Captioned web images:

-*-

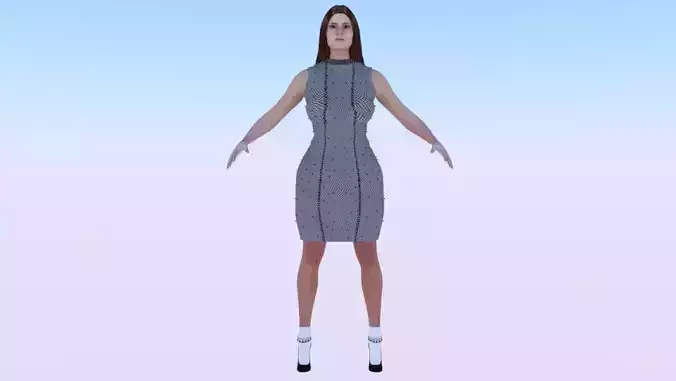 Woman in a Dress 073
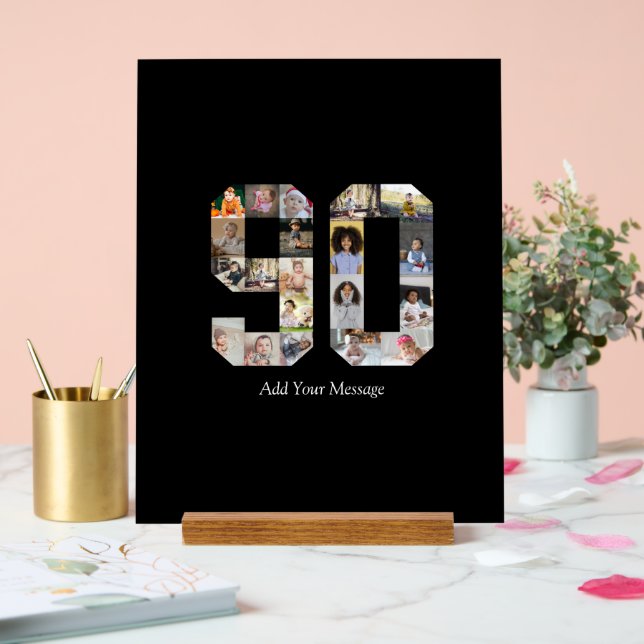 Panneau En Acrylique Numéro 90 - Collage photo (Mariage)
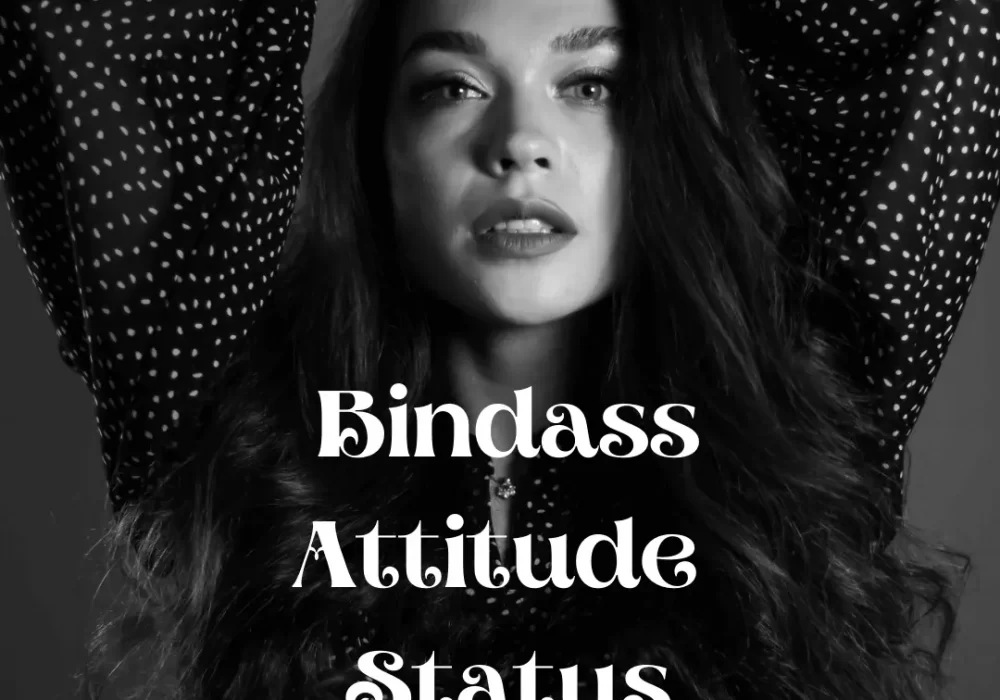 bindass attitude status for girls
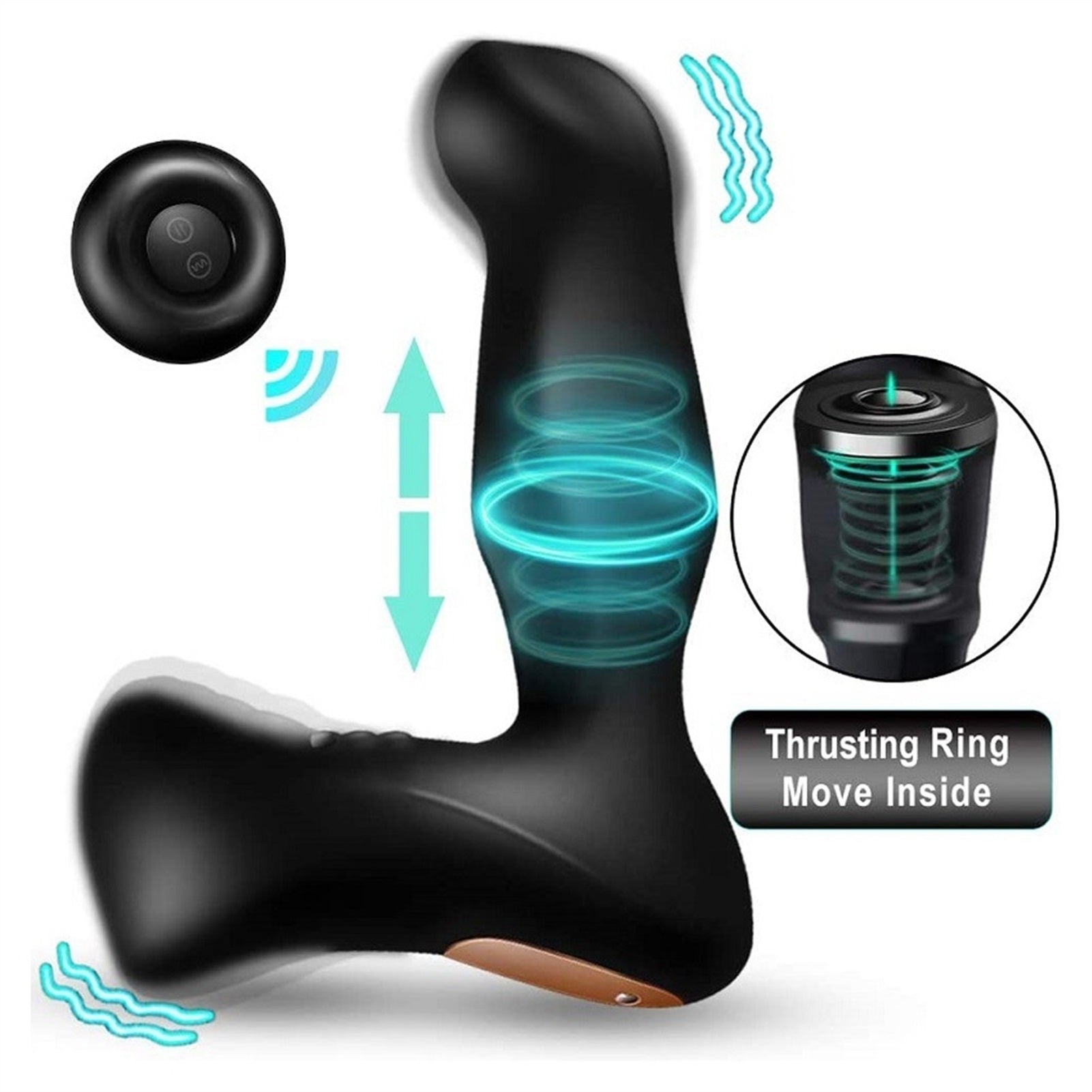 8 Modes Black Soft Silicone Wireless Remote G-SPOT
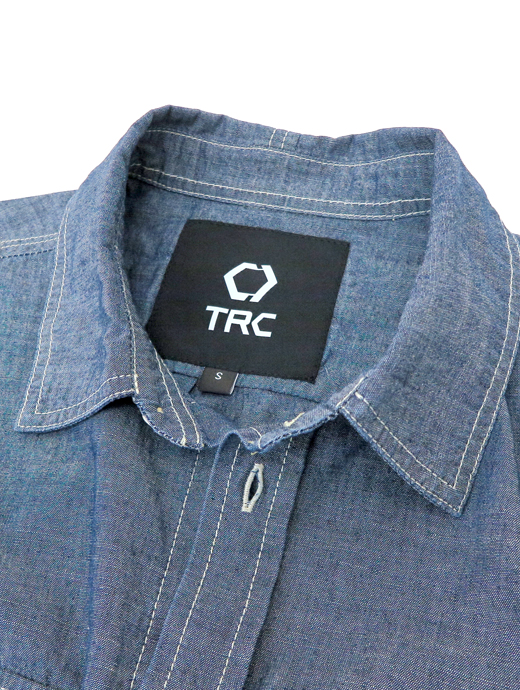 TRC/ティー・アール・シー　ワークシャツ/デニム　trc520606-ウォッシュドブルー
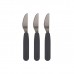 Silicone knives, 3-pack - Stone grey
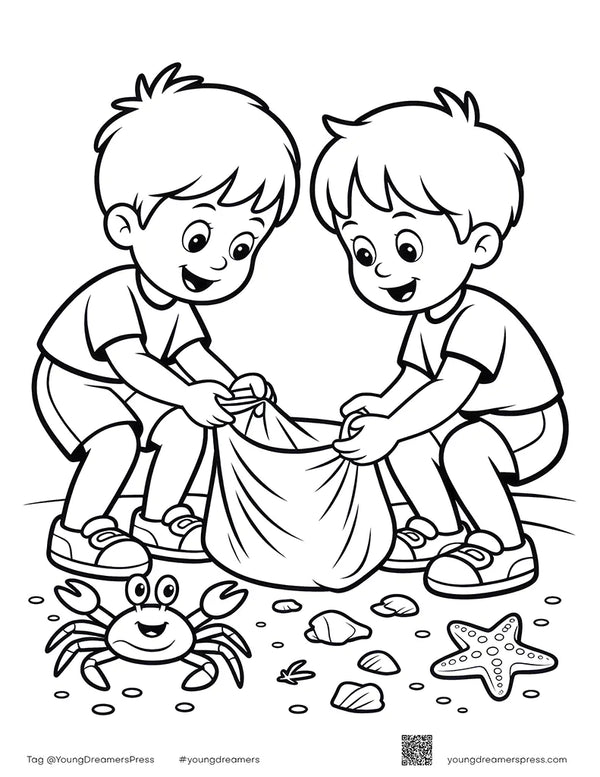 Free printable Free Earth Day Clean Up the Earth Printable coloring page for kids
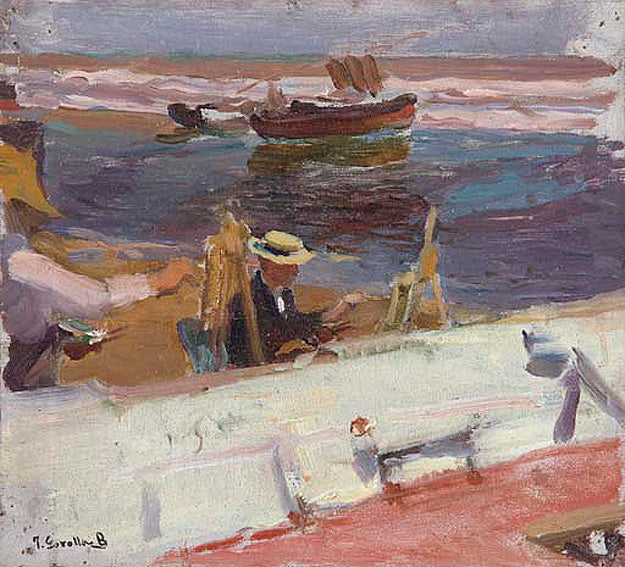 Joaquín Sorolla Painters on the beach 1904 Fine Art Print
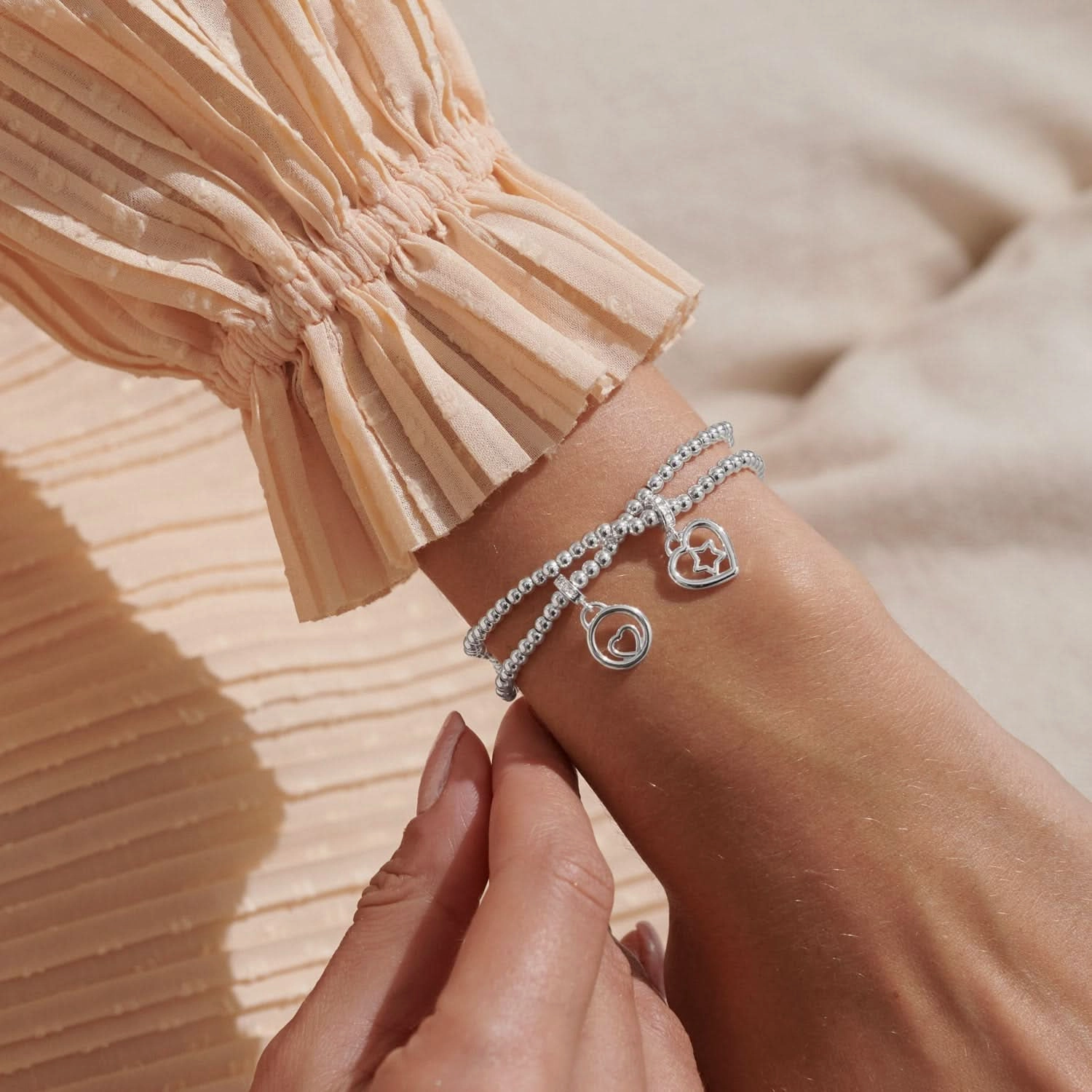 Infinity Happy Birthday Silver Plated Linked Bracelet 8293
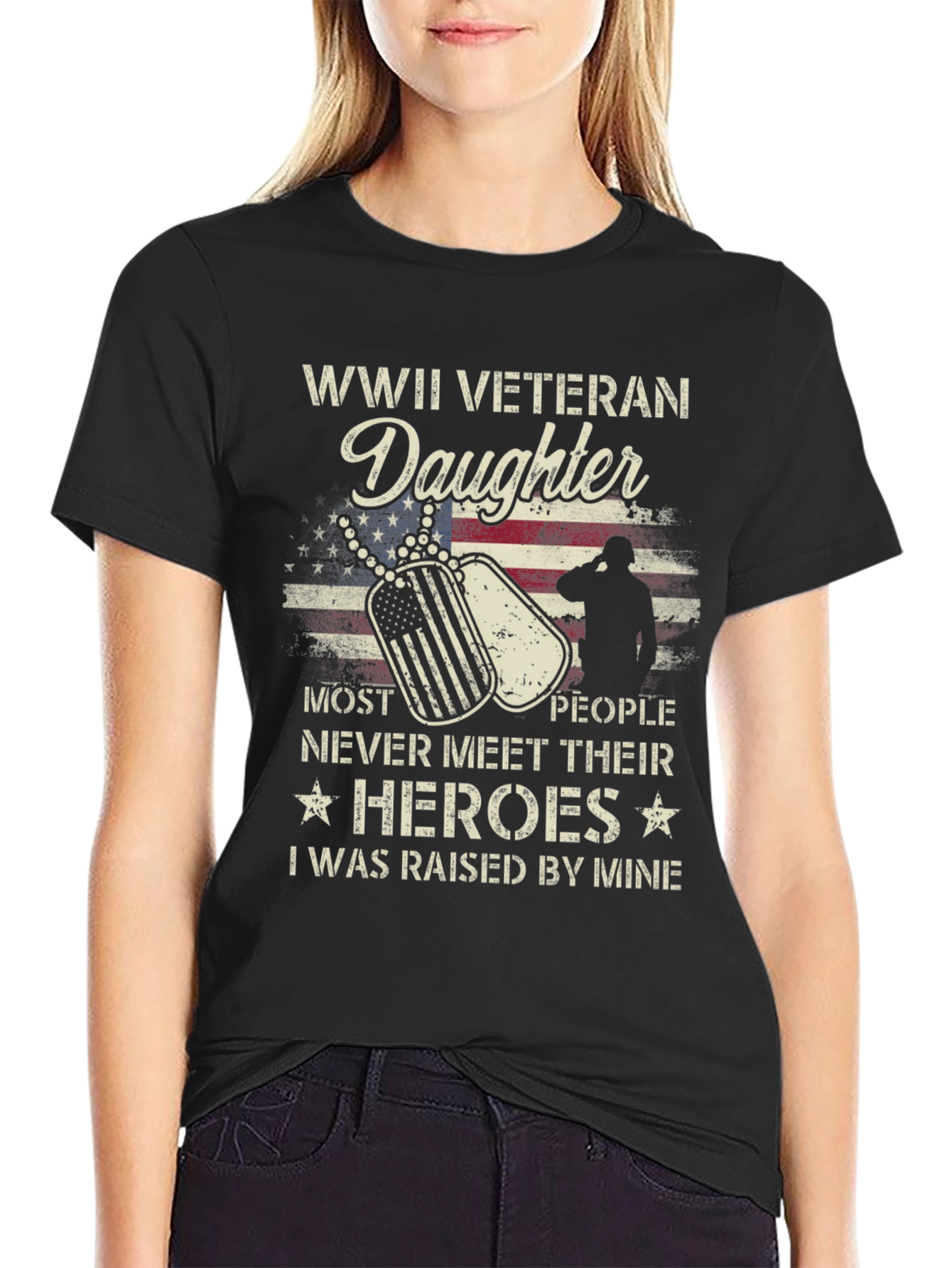 WWII Veteran Daughter T-Shirt - Honor Your Hero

-*-

When you reach the line with "8 Modes Black" in the records above, start writing out each line exactly, and stop after the line with "Infinity Happy Birthday". Pictures stay out.

• **YOUR RESPONSE**
 8 Modes Black Soft Silicone Wireless Remote G-SPOT
 TRC/ティー・アール・シー　ワークシャツ/デニム　trc520606-ウォッシュドブルー
 Silicone knives, 3-pack - Stone grey
 Free printable Free Earth Day Clean Up the Earth Printable coloring page for kids
 Joaquín Sorolla Painters on the beach 1904 Fine Art Print
 Infinity Happy Birthday Silver Plated Linked Bracelet 8293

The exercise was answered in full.